FIG. 1B shows an example of a security document which may be an identification (eID) card having an inlay substrate (layer), and additional layers comprising a top overlay layer and a bottom layer. An RFID chip module and corresponding antenna (not shown) may be mounted in the inlay substrate (middle layer). The additional top and bottom layers may be anti-scratch layers, and protect the inlay substrate in the middle from top and bottom. The eID card, inlay substrate layer and top and bottom layers are not shown to scale.
Examples of Some RFID Chip Modules
In the main hereinafter, the discussion may focus on RFID chip modules which are leadframe-type modules. However, some of the techniques for producing security documents discussed herein may also be applicable to epoxy glass modules (chip on FR4, wire bonded, glob topped).
FIG. 1C shows an example of an RFID chip module which is a “leadframe module” comprising:                a leadframe having a thickness of approximately 80 μm        an RFID chip disposed on and connected by wire bonds to the leadframe, having a thickness of approximately 80 μm        a mold mass disposed over the chip and wire bonds, having a thickness of approximately 240 μm        an antenna wire having end portions connected to “connection areas” of the leadframe, typically on a side of the leadframe opposite the RFID chip (as shown), but the end portions can also be connected to connection areas on the same side of the lead frame as the RFID chip.        
The total thickness of the leadframe module may be 320 μm, such as for an inlay substrate having a thickness of approximately 356 μm. Generally, the chip module will be disposed in a recess in the inlay substrate so as to be concealed therein.
FIG. 1D shows an example of an RFID chip module which is an “epoxy glass module” comprising:                an interconnect substrate, such as FR4 (printed circuit board substrate material), having a thickness of approximately 100 μm (FR4 is 100 μm and the chip & glob top 160 μm=overall 260 μm)        an RFID chip, wire-bonded (alternatively flip-chip connected with solder bumps and underfiller, as illustrated) to the FR4 substrate, having a thickness of approximately 100        a glob top epoxy disposed over the chip and connections, having a thickness with chip of approximately 160 μm        an antenna wire having ends connected to “connection pads”, typically on the same side of the FR4 substrate as the RFID chip, but can also be connected on the opposite side of the FR4 substrate as the chip.        

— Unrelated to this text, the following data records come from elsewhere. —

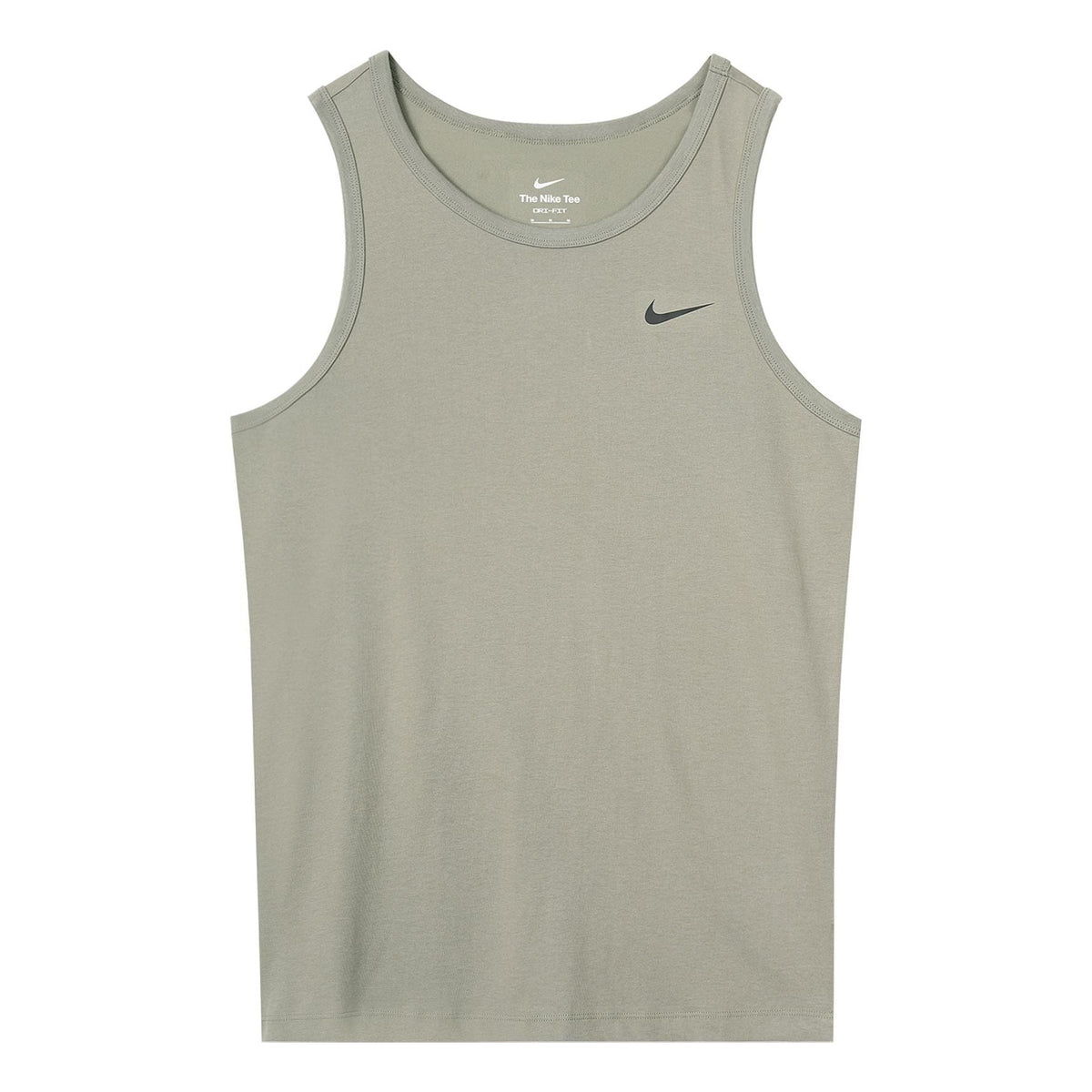 Men's Nike As Nk Df Tank Dfc Solid Solid Color Quick Dry Breathable Running Basketball Training Light Army Green Vest AR6070-320
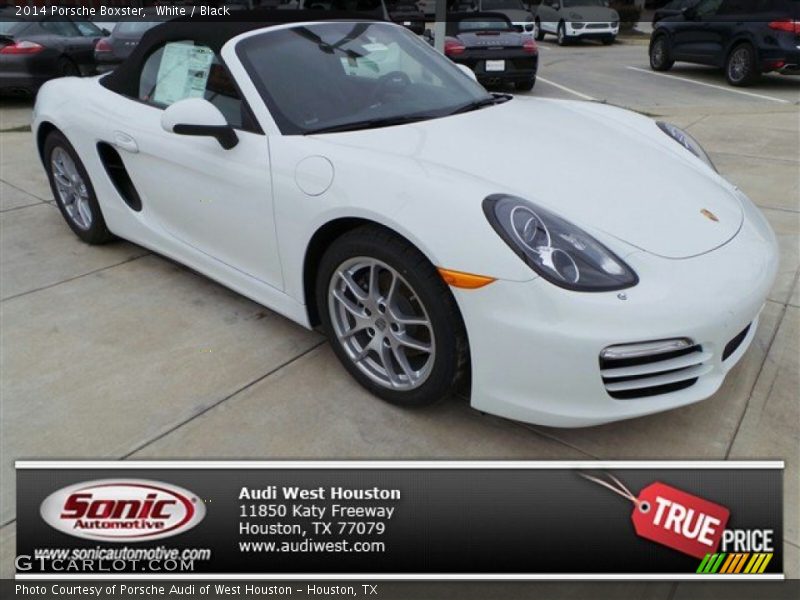 White / Black 2014 Porsche Boxster
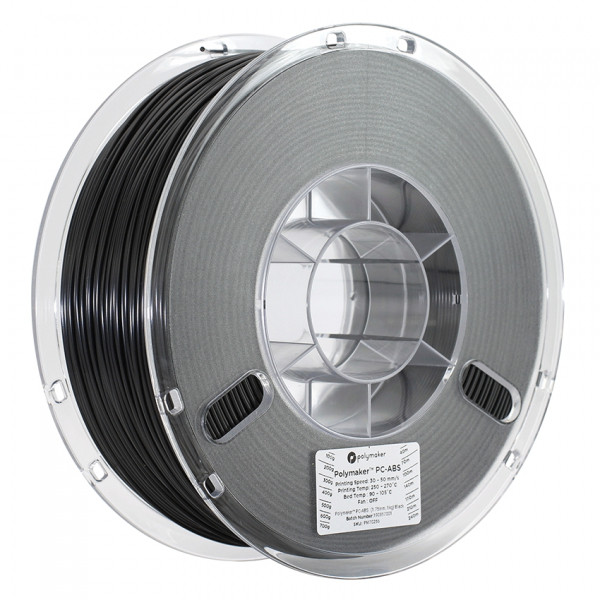 Polymaker PC-ABS filament | Svart | 1,75mm | 1kg | PolyLite 70256 PMPM-1006-001 DFP14004 - 1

The total thickness of the epoxy glass module may be 260 μm, such as for an inlay substrate having a thickness of approximately 365 μm. Generally, the chip module will be disposed in a recess in the inlay substrate so as to be concealed therein.
Generally speaking, epoxy glass modules are inherently somewhat more flexible than leadframe modules. This is a factor that may need to be taken into consideration when incorporating an RFID module into a secure document. And, whereas leadframe modules are typically rectangular, the mold part (glob top) of an epoxy glass module are typically round.
It should be understood that, although FIG. 1D shows a flip chip connection between the RFID chip and the FR4 substrate, the chip can be wire-bonded to the substrate (such as was shown in FIG. 1C, for the leadframe-type module.)